Nonetheless, and this is my second point, we can make some very general ontological claims about what objects must be like for translation to be possible. Hopefully these theses somewhat address Nate’s question. My tendency at present is to think of translation in terms of information theory. This should come as no surprise as the ontic principle is, in many respects, adapted from Bateson’s definition of information as “the difference that makes a difference.” So how should this be understood?
First, the concept of information is to be distinguished from that of noise. Information, as a difference that makes a difference, is something that stands out in contrast to noise. If, for example, a student in an introductory philosophy course has great difficulty reading Derrida’s essay “Differance”, this is not because the text is difficult or poorly written, but because the student, having just come to philosophy for the first time, lacks the background in philosophy that would allow the student to encounter the elements of the text as information.
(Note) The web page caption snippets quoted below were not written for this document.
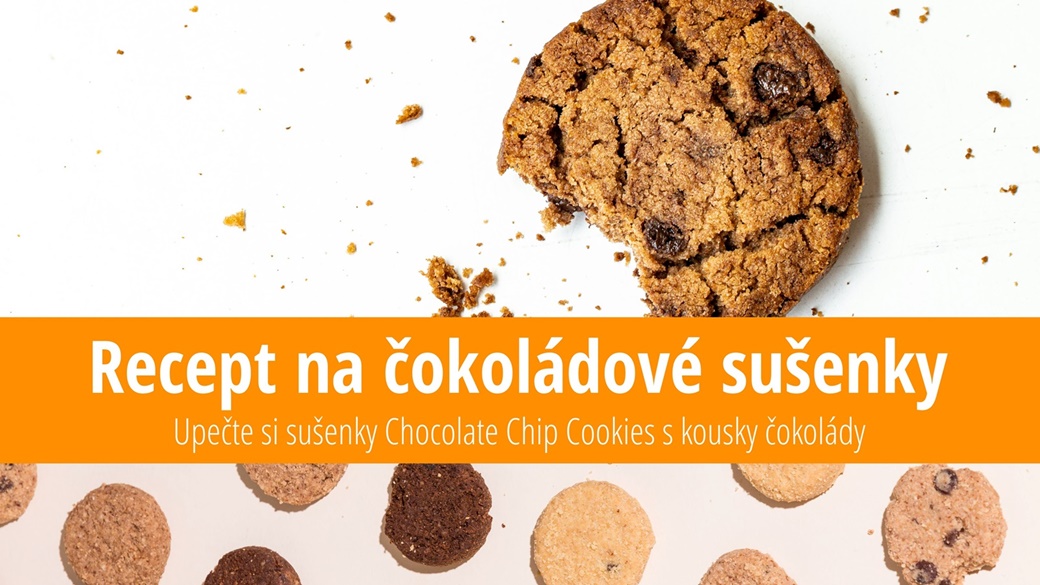 Recept na čokoládové sušenky ‘Chocolate Chip Cookies’ | © Unsplash.com
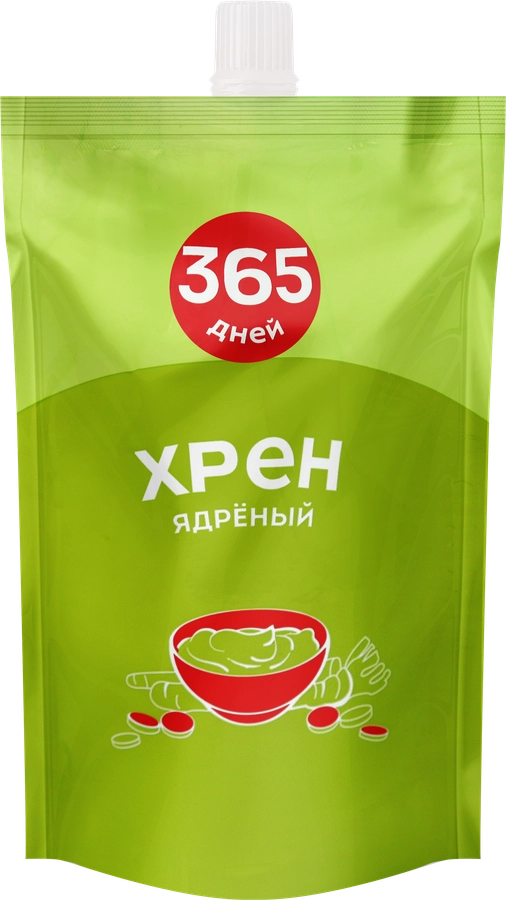 Хрен 365 ДНЕЙ Столовый, 120г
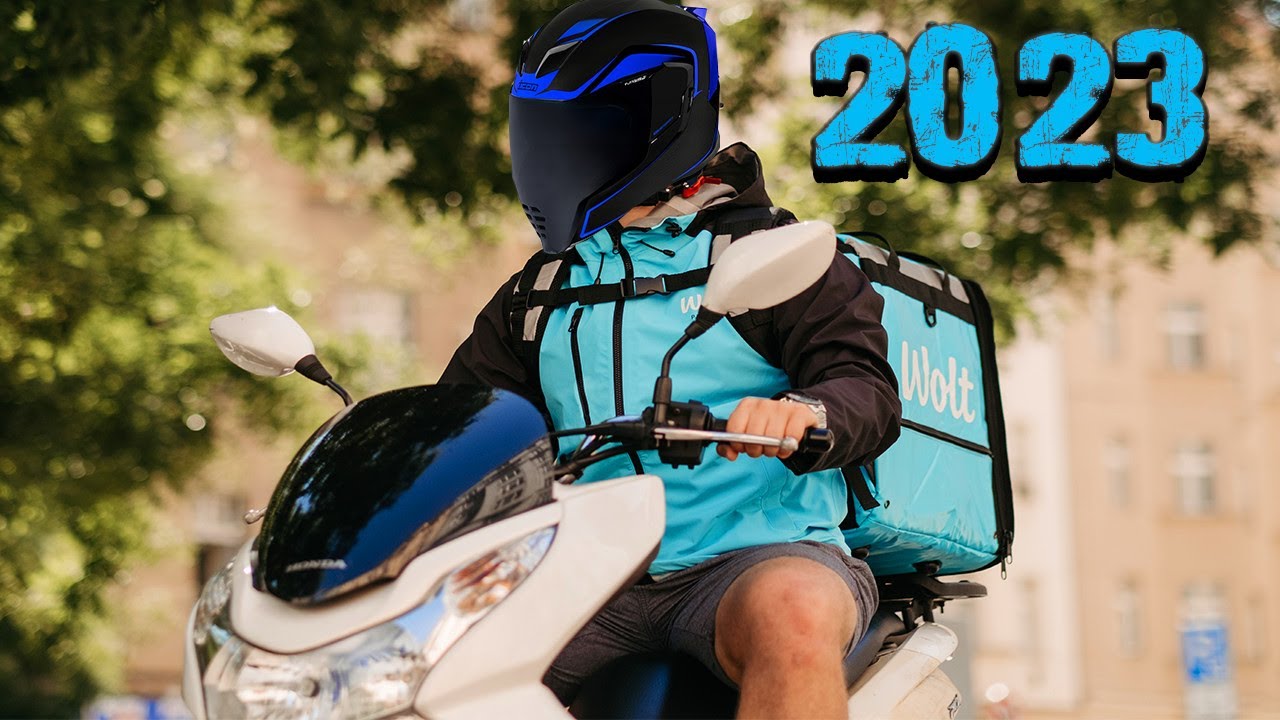 Jaký výdělek má kurýr Wolt v Praze za 6 hodin? Skutr 2023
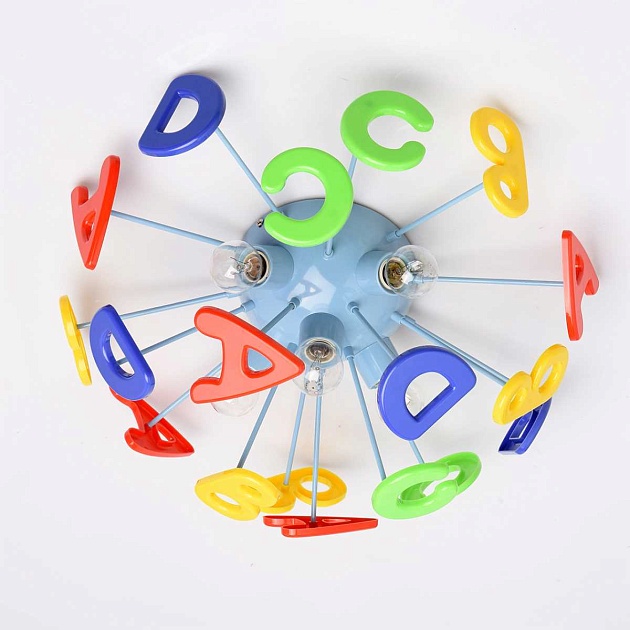 Потолочная люстра MW-Light Улыбка 365013705 Фото № 10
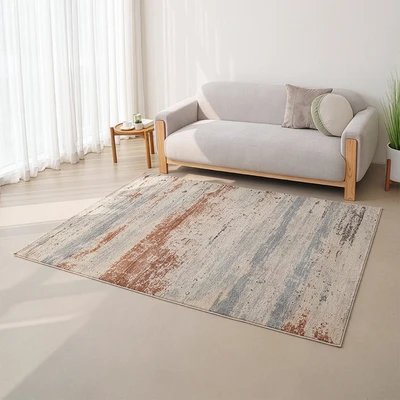 Gambar Informa Kawira Karpet Polypropylene 160x220 cm V1 - Krem Champagne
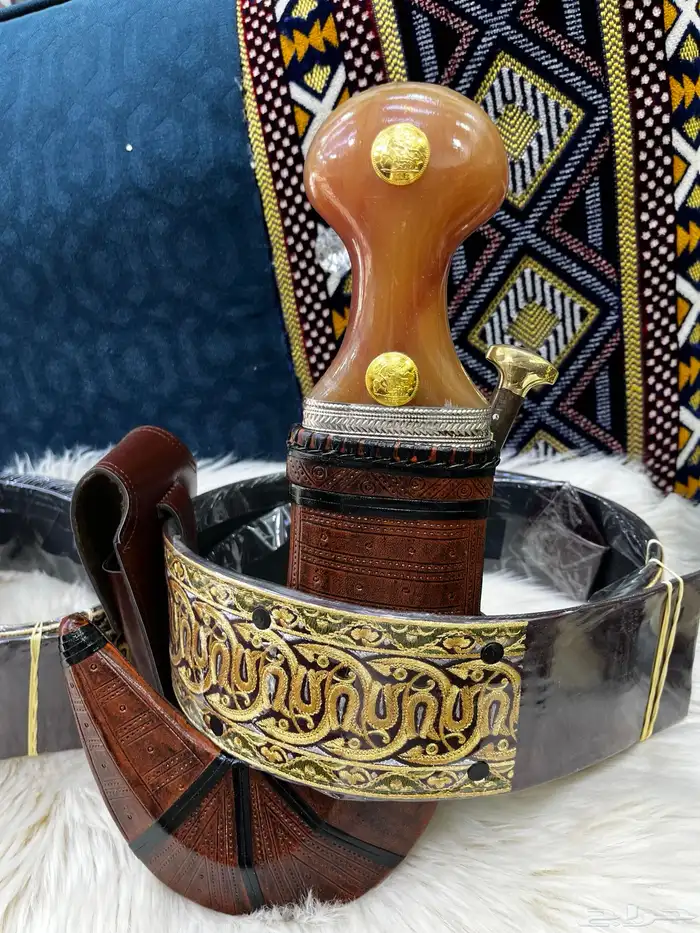 جنابي نجراني مكعب كبير شغل كفو 0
Everything in the essay seems significant and as a result it all becomes noise insofar as nothing can be distinguished in the essay by the student. Information can thus be thought in Gestalt terms as a relation between what leaps into the foreground (information) and what passes into the background (noise).
It’s important to note that for self-reflexive intentional objects like students, this relationship between foreground is a dynamic, not fixed, relation. Not only can these systems evolve such that elements that before were mere noise can take on the status of information, but also relations between foreground and background can shift back and forth, such that something that a moment ago belonged to the domain of noise now comes to the fore as information or a difference that makes a difference.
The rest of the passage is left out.